SUPPLIED DATA:
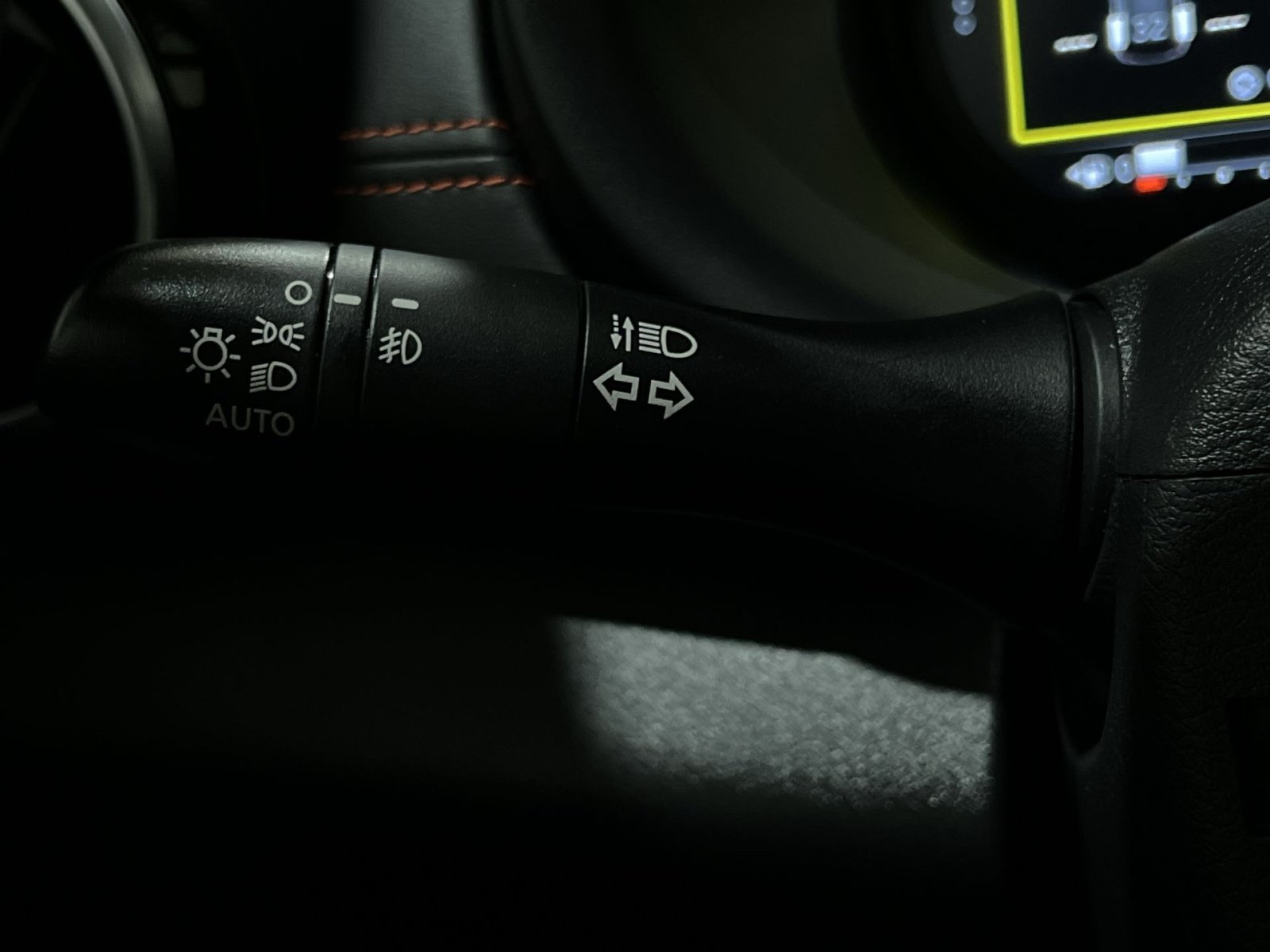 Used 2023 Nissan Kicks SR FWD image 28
==
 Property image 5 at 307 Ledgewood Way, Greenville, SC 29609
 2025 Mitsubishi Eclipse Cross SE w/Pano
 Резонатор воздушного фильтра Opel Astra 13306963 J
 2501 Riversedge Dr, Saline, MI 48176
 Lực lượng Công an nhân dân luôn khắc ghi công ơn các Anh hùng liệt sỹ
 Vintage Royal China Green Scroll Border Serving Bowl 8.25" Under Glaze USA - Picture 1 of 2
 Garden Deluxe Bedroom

WHAT YOU NEED TO DO:
From the records above, retype only the lines starting at the line that contains "Property image 5" and ending at the line that contains "Garden Deluxe Bedroom", both included.

ANSWER BOX:
 Property image 5 at 307 Ledgewood Way, Greenville, SC 29609
 2025 Mitsubishi Eclipse Cross SE w/Pano
 Резонатор воздушного фильтра Opel Astra 13306963 J
 2501 Riversedge Dr, Saline, MI 48176
 Lực lượng Công an nhân dân luôn khắc ghi công ơn các Anh hùng liệt sỹ
 Vintage Royal China Green Scroll Border Serving Bowl 8.25" Under Glaze USA - Picture 1 of 2
 Garden Deluxe Bedroom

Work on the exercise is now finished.